'''
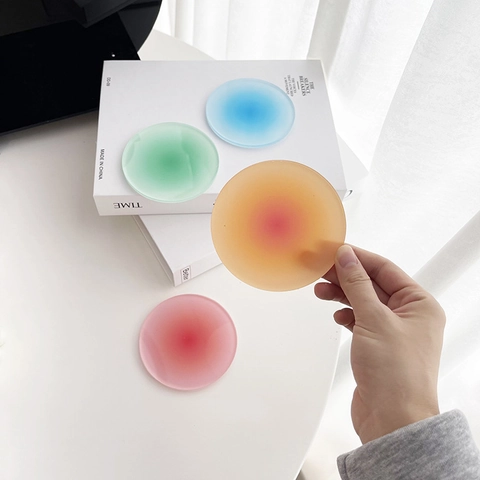 Frosted Acrylic Coaster Round Gradient Sunset Style Nordic Table Mat Heat Resistant Insulation Pad Photography Props Decoration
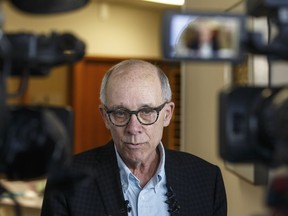 Alberta Party Leader Stephen Mandel, speaks during a press conference in Edmonton on Saturday, February 9, 2019.
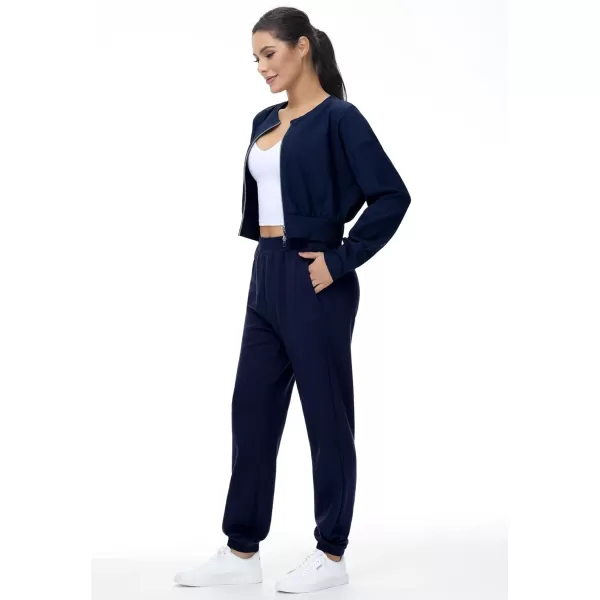 THE GYM PEOPLE Womens Baggy Cinch Bottom Sweatpants Lightweight Workout Joggers Pants with PocketsDark Blue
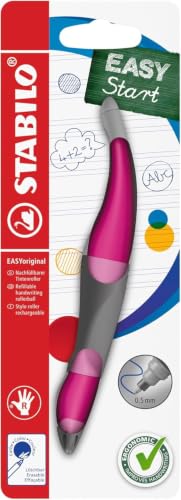 STABILO - Ergonomischer Tintenroller für Rechtshänder - EASYoriginal in pink hell/dunkel - blau (löschbar) - inkl. Patrone - Blister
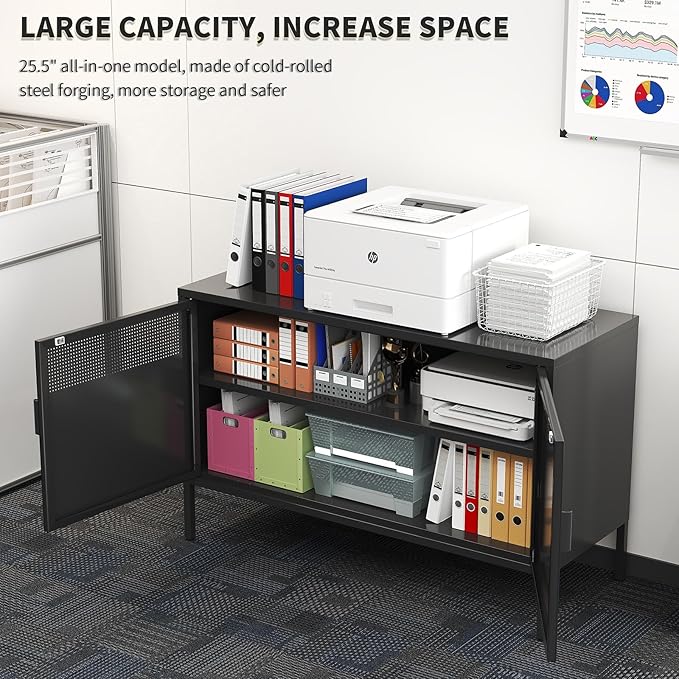 Black Metal Storage Cabinet with 2 Doors - 25''H TV Stand, 2 Tier Locker with Adjustable Shelves, Multipurpose TV Cabinet for Office, Home, Living Room, Kitchen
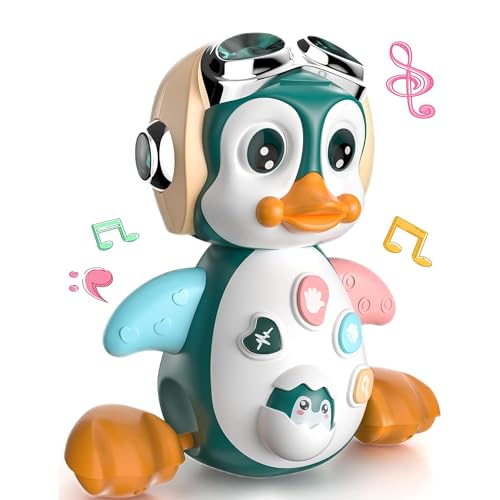 Image of Kidology Crawling Penguin Baby Toy with LED Lights | Interactive Musical Kids Toy for Early Learning & Entertainment | Perfect Christmas and Birthday Gift for Toddlers & Infants (Cream)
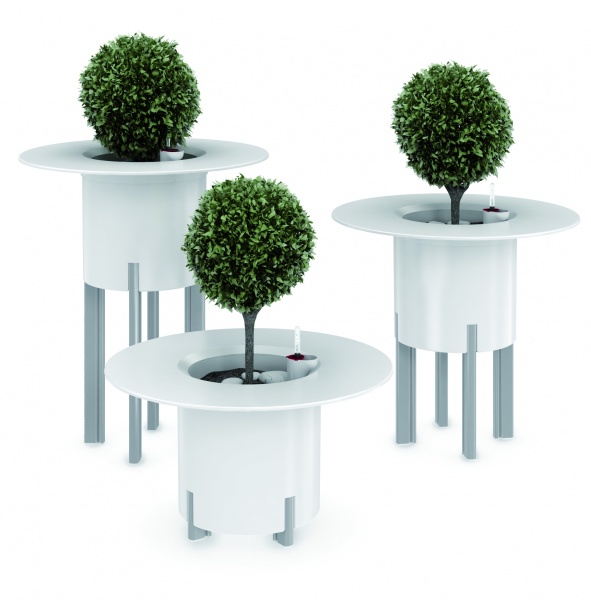 Горщик пластиковий Mondum Медітеранео 40x45x28 см (ніжки коричневі/срібні) круглий 28 л білий 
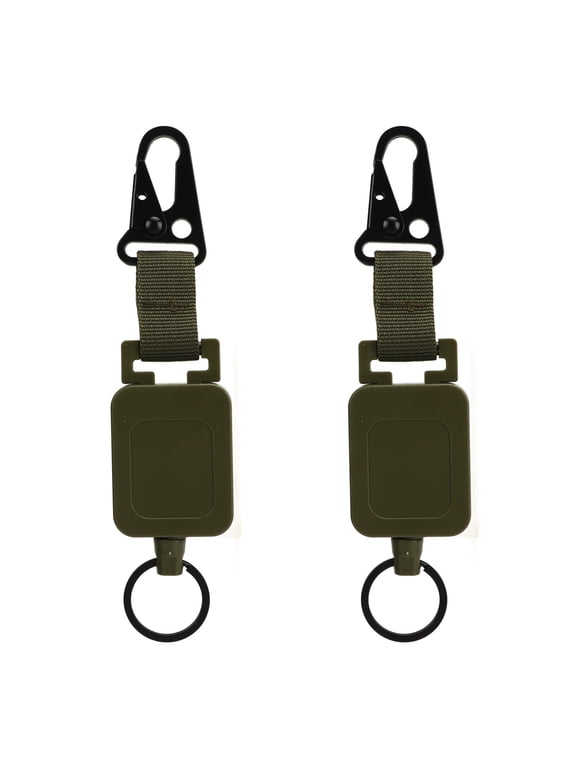 2 PCS Easy Pull Buckle Keychain Olecranon Buckle Stretchable Quick Release Buckle Key Ring for Bag Pants Army Green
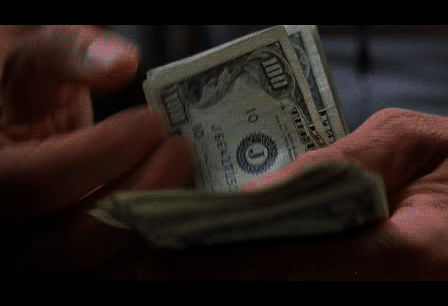 Counting out hundred-dollar bills for the win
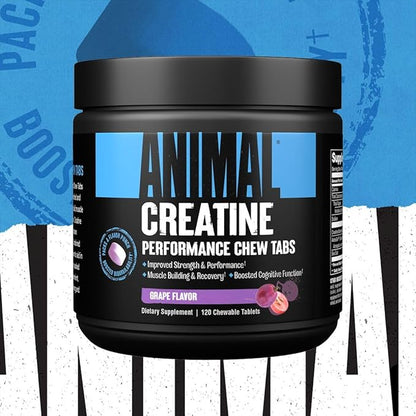 Animal Creatine Chews Tablets - Enhanced Creatine Monohydrate with AstraGin to Improve Absorption, Sea Salt for Added Pumps, Delicious and Convenient Chewable Tablets - Grape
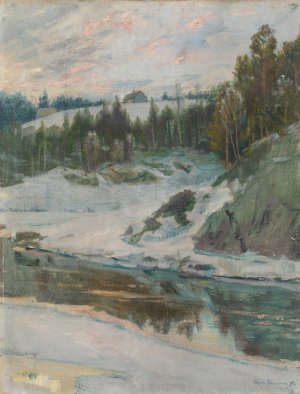Winterlandscape with River by Jorgen Sorensen Oil Painting
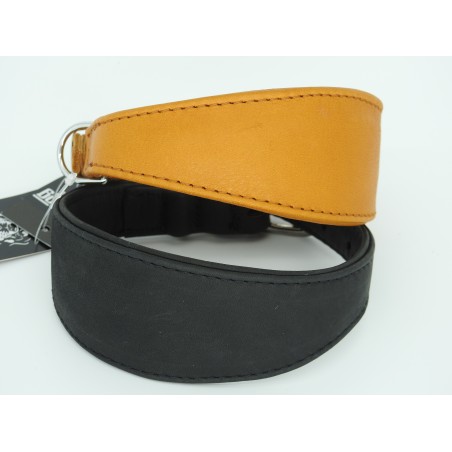 Zgardă de lux din piele nappa , pentru caini de tip Ogar ( Greyhound )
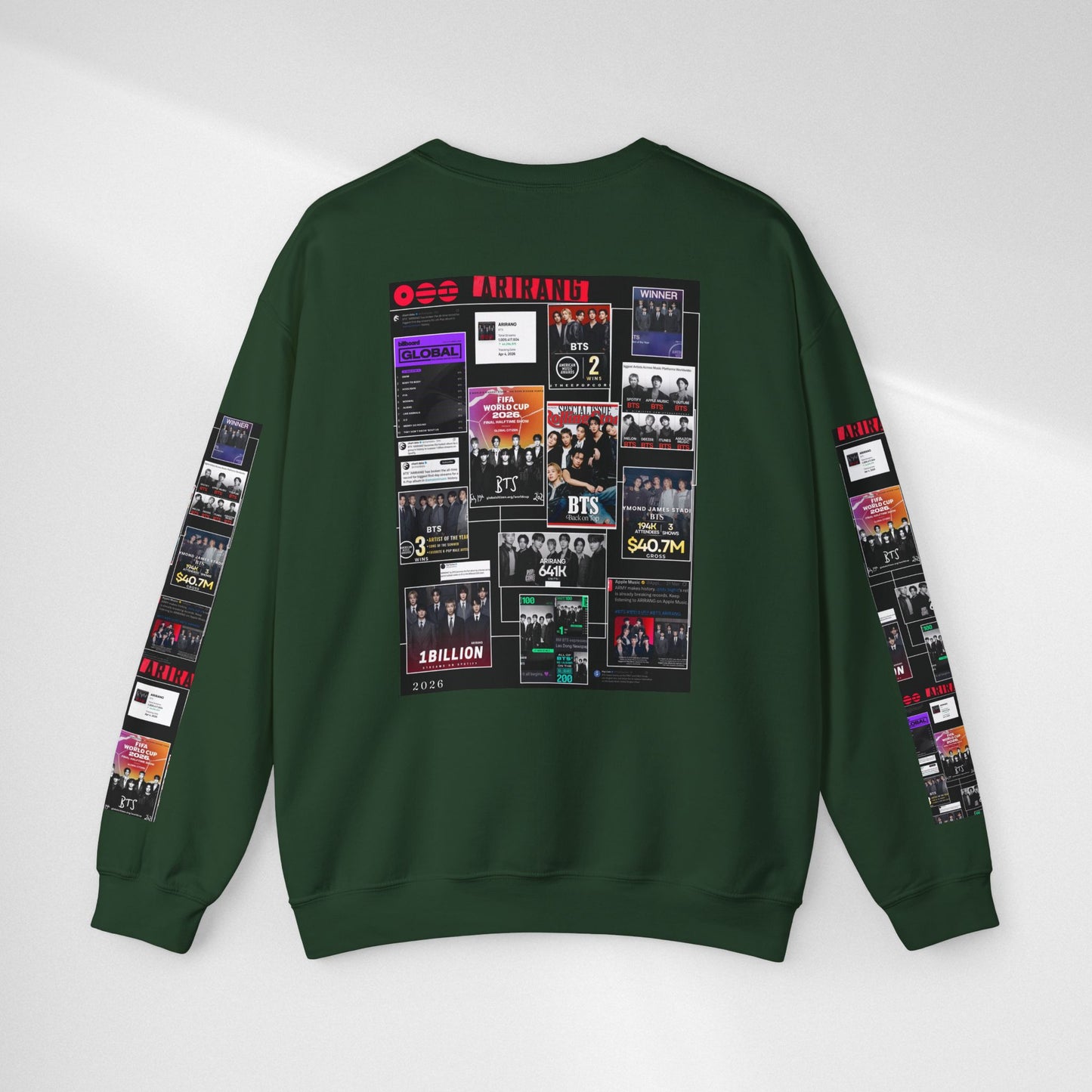 Crewneck Sweatshirt — BTS ARIRANG Collage Graphic Crewneck (Album Posters & Tour Art)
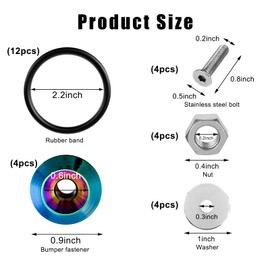 KVAEY Bumper Quick Release, JDM Front Rear Bumper Fasteners with Stainless Steel Screw Rubber O-Ring Washers, Universal Car Bumper Quick Release Tabs Trunk Bend Fenders Holders Kit (Colorful)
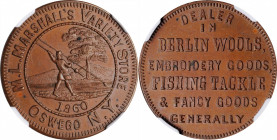 Merchant Tokens

New York--Oswego. 1860 M.L. Marshall. Miller-NY 1008. Copper. Plain Edge. MS-64 BN (NGC).

29 mm.

From the Robert Adam Collect...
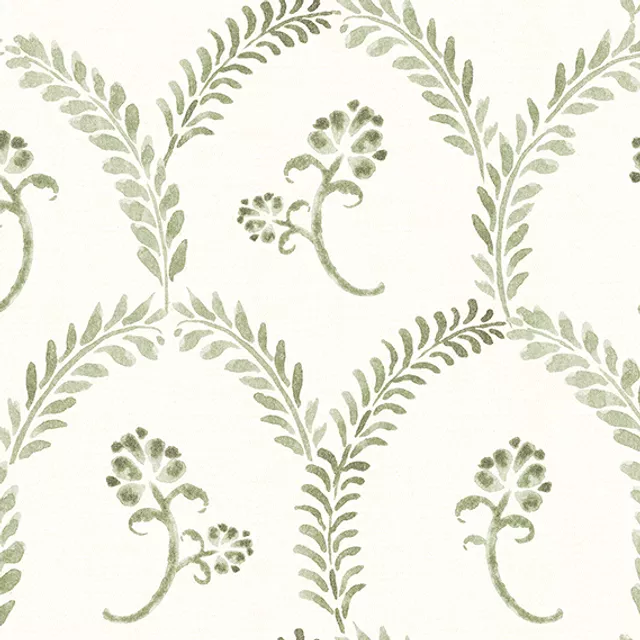 Scallop Floral Aquarell Green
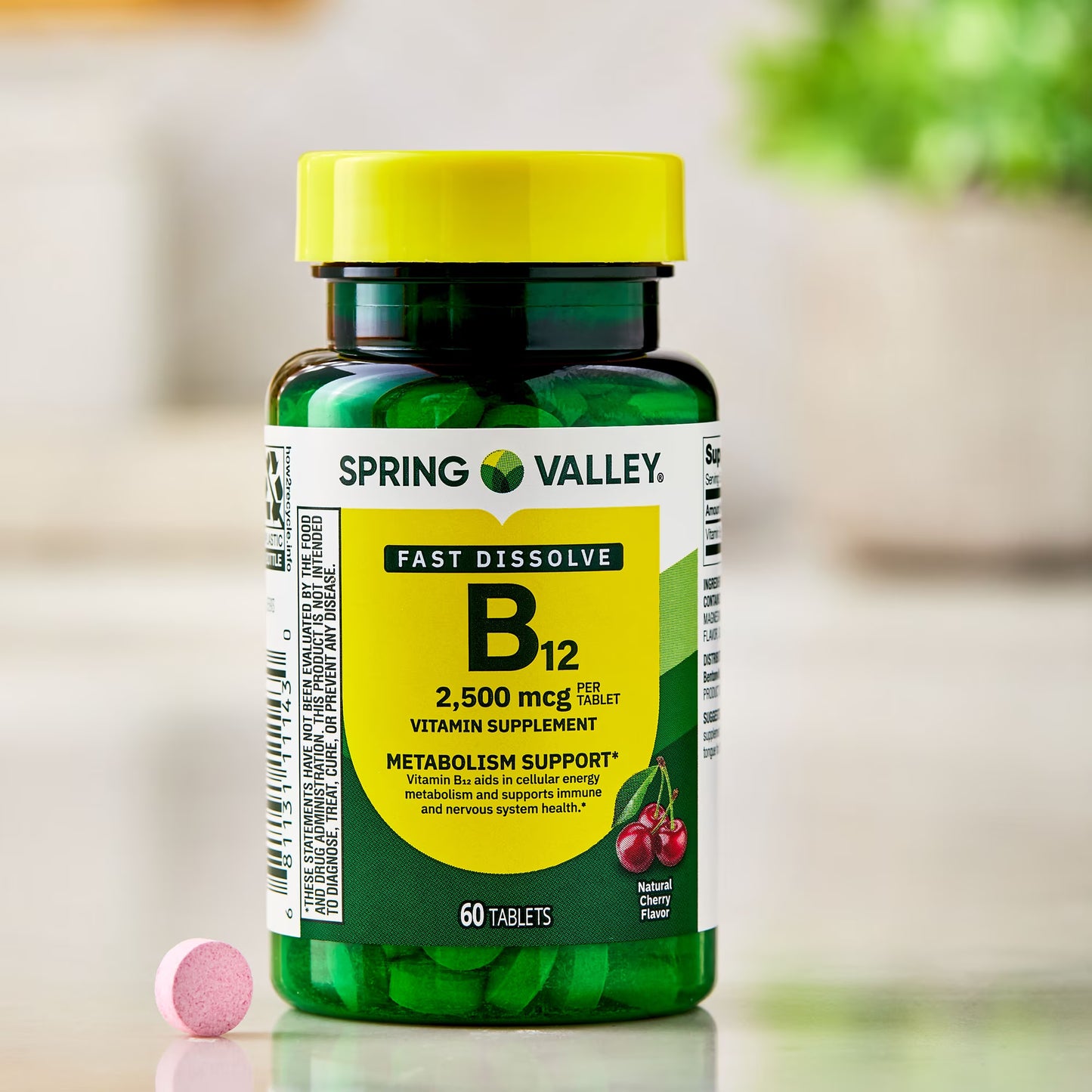 Spring Valley Vitamin B12 Quick-Dissolve Tablets Dietary Supplement, 2,500 Mcg, Cherry, 60 Count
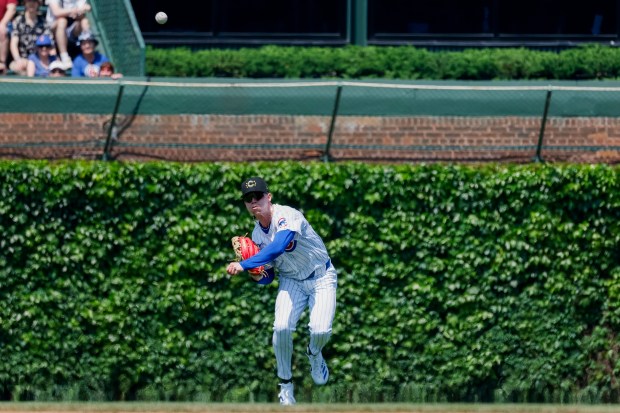 Chicago Cubs outfielder Pete Crow-Armstrong (52) throws in a ball from the outfield during a game against the Pittsburgh Pirates on Friday, May 17, 2024, at Wrigley Field in Chicago. (Vincent Alban/Chicago Tribune)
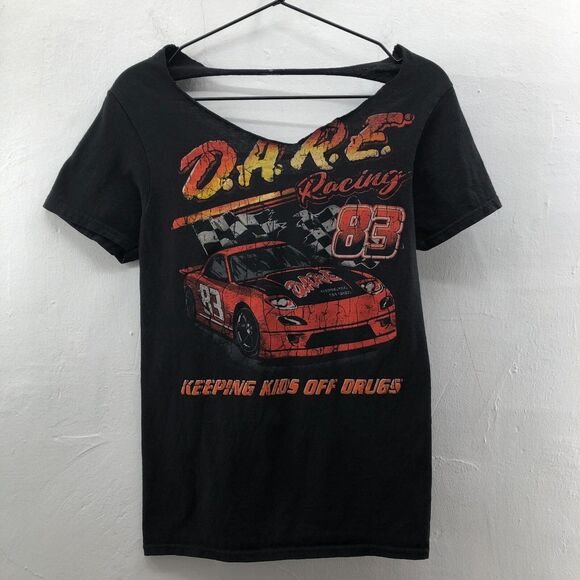 Dare To Keep Kids Off Drugs Distressed Up-Cycled T Shirt Black Sz S 100% Cotton - Picture 1 of 10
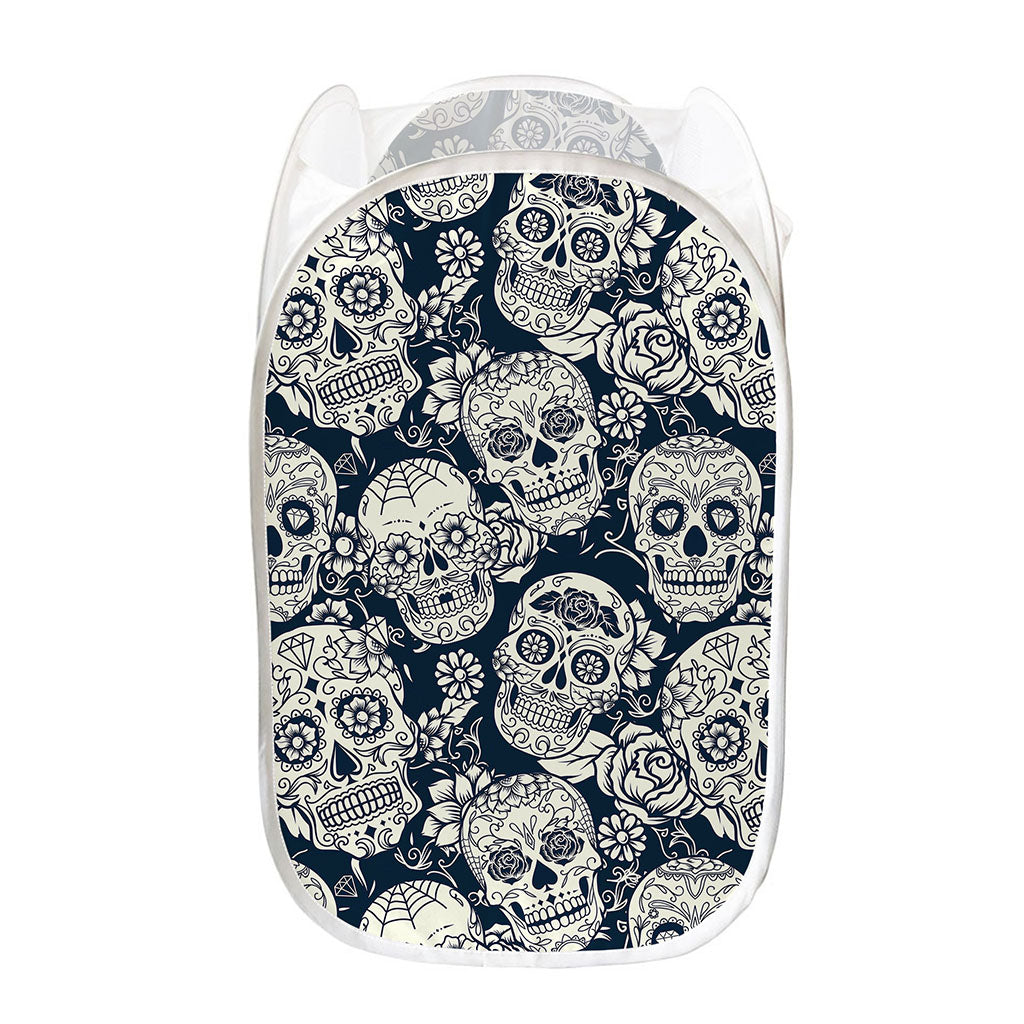White Floral Sugar Skull Pattern Print Mesh Laundry Hamper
'''
→ TASK: The pictures should not be reproduced; quote all of the other material exactly.

→ SOLUTION FOR THIS TASK:
 Frosted Acrylic Coaster Round Gradient Sunset Style Nordic Table Mat Heat Resistant Insulation Pad Photography Props Decoration
 Alberta Party Leader Stephen Mandel, speaks during a press conference in Edmonton on Saturday, February 9, 2019.
 THE GYM PEOPLE Womens Baggy Cinch Bottom Sweatpants Lightweight Workout Joggers Pants with PocketsDark Blue
 STABILO - Ergonomischer Tintenroller für Rechtshänder - EASYoriginal in pink hell/dunkel - blau (löschbar) - inkl. Patrone - Blister
 Black Metal Storage Cabinet with 2 Doors - 25''H TV Stand, 2 Tier Locker with Adjustable Shelves, Multipurpose TV Cabinet for Office, Home, Living Room, Kitchen
 Image of Kidology Crawling Penguin Baby Toy with LED Lights | Interactive Musical Kids Toy for Early Learning & Entertainment | Perfect Christmas and Birthday Gift for Toddlers & Infants (Cream)
 Горщик пластиковий Mondum Медітеранео 40x45x28 см (ніжки коричневі/срібні) круглий 28 л білий 
 2 PCS Easy Pull Buckle Keychain Olecranon Buckle Stretchable Quick Release Buckle Key Ring for Bag Pants Army Green
 Counting out hundred-dollar bills for the win
 Animal Creatine Chews Tablets - Enhanced Creatine Monohydrate with AstraGin to Improve Absorption, Sea Salt for Added Pumps, Delicious and Convenient Chewable Tablets - Grape
Winterlandscape with River by Jorgen Sorensen Oil Painting
 Zgardă de lux din piele nappa , pentru caini de tip Ogar ( Greyhound )
 Crewneck Sweatshirt — BTS ARIRANG Collage Graphic Crewneck (Album Posters & Tour Art)
 KVAEY Bumper Quick Release, JDM Front Rear Bumper Fasteners with Stainless Steel Screw Rubber O-Ring Washers, Universal Car Bumper Quick Release Tabs Trunk Bend Fenders Holders Kit (Colorful)
 Merchant Tokens

New York--Oswego. 1860 M.L. Marshall. Miller-NY 1008. Copper. Plain Edge. MS-64 BN (NGC).

29 mm.

From the Robert Adam Collect...
 Scallop Floral Aquarell Green
 Spring Valley Vitamin B12 Quick-Dissolve Tablets Dietary Supplement, 2,500 Mcg, Cherry, 60 Count
 Chicago Cubs outfielder Pete Crow-Armstrong (52) throws in a ball from the outfield during a game against the Pittsburgh Pirates on Friday, May 17, 2024, at Wrigley Field in Chicago. (Vincent Alban/Chicago Tribune)
 Dare To Keep Kids Off Drugs Distressed Up-Cycled T Shirt Black Sz S 100% Cotton - Picture 1 of 10
White Floral Sugar Skull Pattern Print Mesh Laundry Hamper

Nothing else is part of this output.